GitBox Fri, 26 Jun 2020 17:09:34 -0700


masahi commented on a change in pull request #5919:
URL: https://github.com/apache/incubator-tvm/pull/5919#discussion_r446457483




##########
File path: src/runtime/contrib/dnnl/dnnl_json_runtime.cc
##########
@@ -0,0 +1,456 @@
+/*
+ * Licensed to the Apache Software Foundation (ASF) under one
+ * or more contributor license agreements.  See the NOTICE file
+ * distributed with this work for additional information
+ * regarding copyright ownership.  The ASF licenses this file
+ * to you under the Apache License, Version 2.0 (the
+ * "License"); you may not use this file except in compliance
+ * with the License.  You may obtain a copy of the License at
+ *
+ *   http://www.apache.org/licenses/LICENSE-2.0
+ *
+ * Unless required by applicable law or agreed to in writing,
+ * software distributed under the License is distributed on an
+ * "AS IS" BASIS, WITHOUT WARRANTIES OR CONDITIONS OF ANY
+ * KIND, either express or implied.  See the License for the
+ * specific language governing permissions and limitations
+ * under the License.
+ */
+
+/*!
+ * \file src/runtime/contrib/dnnl/dnnl_json_runtime.cc
+ * \brief A simple JSON runtime for DNNL.
+ */
+
+#include <tvm/runtime/ndarray.h>
+#include <tvm/runtime/registry.h>
+
+#include <cstddef>
+#include <string>
+#include <vector>
+
+#include "../json/json_node.h"
+#include "../json/json_runtime.h"
+#include "dnnl.hpp"
+
+namespace tvm {
+namespace runtime {
+namespace contrib {
+
+using namespace tvm::runtime;
+using namespace tvm::runtime::json;
+
+class DNNLJSONRuntime : public JSONRuntimeBase {
+  using tag = dnnl::memory::format_tag;
+  using dt = dnnl::memory::data_type;
+
+ public:
+  DNNLJSONRuntime(const std::string& symbol_name, const std::string& 
graph_json,
+                  const Array<String> const_names)
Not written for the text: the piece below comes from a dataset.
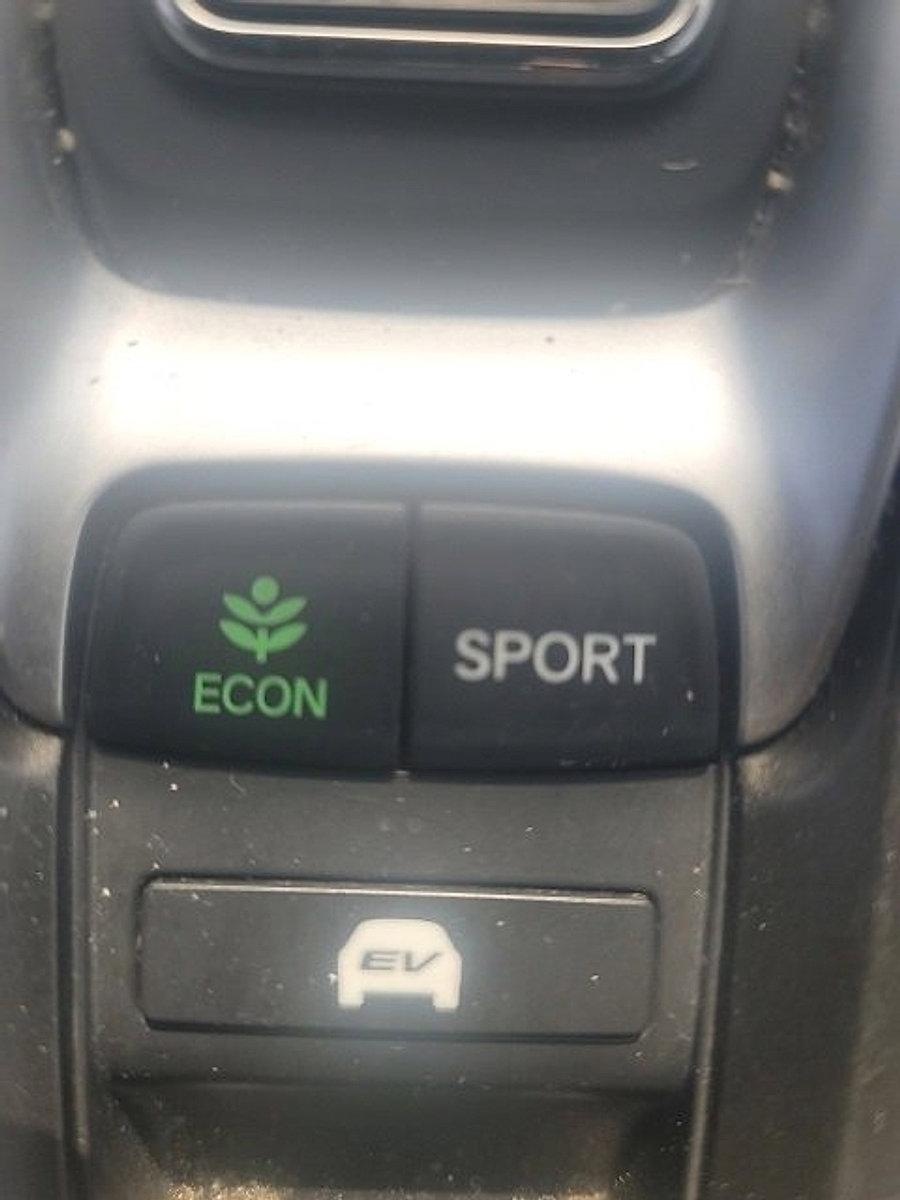 2022 Honda Accord Hybrid Vehicle Photo in Harrisburg, PA 17111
+      : JSONRuntimeBase(symbol_name, graph_json, const_names) {}
+
+  const char* type_key() const { return "dnnl_json"; }
+
+  void Init(const Array<NDArray>& consts) override {
+    BuildEngine();
+
+    CHECK_EQ(consts.size(), const_idx_.size())
+        << "The number of input constants must match the number of required.";
+
+    // Setup constants entries for weights.
+    SetupConstants(consts);
+  }
+
+  void Run() override {
+    // Fill in the input buffers.
+    for (size_t i = 0; i < input_nodes_.size(); ++i) {
+      auto eid = EntryID(input_nodes_[i], 0);
+      // TODO(@comaniac): Support other data lengths.
+      size_t offset_in_bytes = entry_out_mem_[eid].second * 4;
+      size_t buffer_size = GetDataSize(*data_entry_[eid]);
+      write_to_dnnl_memory(data_entry_[eid]->data, entry_out_mem_[eid].first, 
buffer_size,
+                           offset_in_bytes);
+    }
+
+    // Invoke the engine through intepreting the stream.
+    for (size_t i = 0; i < net_.size(); ++i) {
+      net_.at(i).execute(stream_, net_args_.at(i));
+    }
+    stream_.wait();
+
+    // Read output buffers.
+    for (size_t i = 0; i < outputs_.size(); ++i) {
+      auto eid = EntryID(outputs_[i]);
+      size_t offset_in_bytes = entry_out_mem_[eid].second * 4;
+      size_t buffer_size = GetDataSize(*data_entry_[eid]);
+      read_from_dnnl_memory(data_entry_[eid]->data, entry_out_mem_[eid].first, 
buffer_size,
+                            offset_in_bytes);
+    }
+  }
+
+ private:
+  // Build up the engine based on the input graph.
+  void BuildEngine() {
+    engine_ = dnnl::engine(dnnl::engine::kind::cpu, 0);
+    stream_ = dnnl::stream(engine_);
+
+    // Build subgraph engine.
+    for (size_t nid = 0; nid < nodes_.size(); ++nid) {
+      const auto& node = nodes_[nid];
+      if (node.GetOpType() == "kernel") {
+        CHECK_EQ(node.GetOpType(), "kernel");
+        auto op_name = node.GetOpName();
+        if ("nn.conv2d" == op_name) {
+          Conv2d(nid);
+        } else if ("dnnl.conv2d_relu" == op_name) {
+          Conv2d(nid, true, false);
+        } else if ("dnnl.conv2d_bias_relu" == op_name) {
+          Conv2d(nid, true, true);
+        } else if ("nn.dense" == op_name) {
+          Dense(nid);
+        } else if ("nn.batch_norm" == op_name) {
+          BatchNorm(nid);
+        } else if ("nn.relu" == op_name) {
+          Relu(nid);
+        } else if ("add" == op_name) {
+          Add(nid);
+        } else {
+          LOG(FATAL) << "Unsupported op: " << op_name;
+        }
+      }
+    }
+  }
+
+  // Bind a JSON graph node entry to a DNNL memory.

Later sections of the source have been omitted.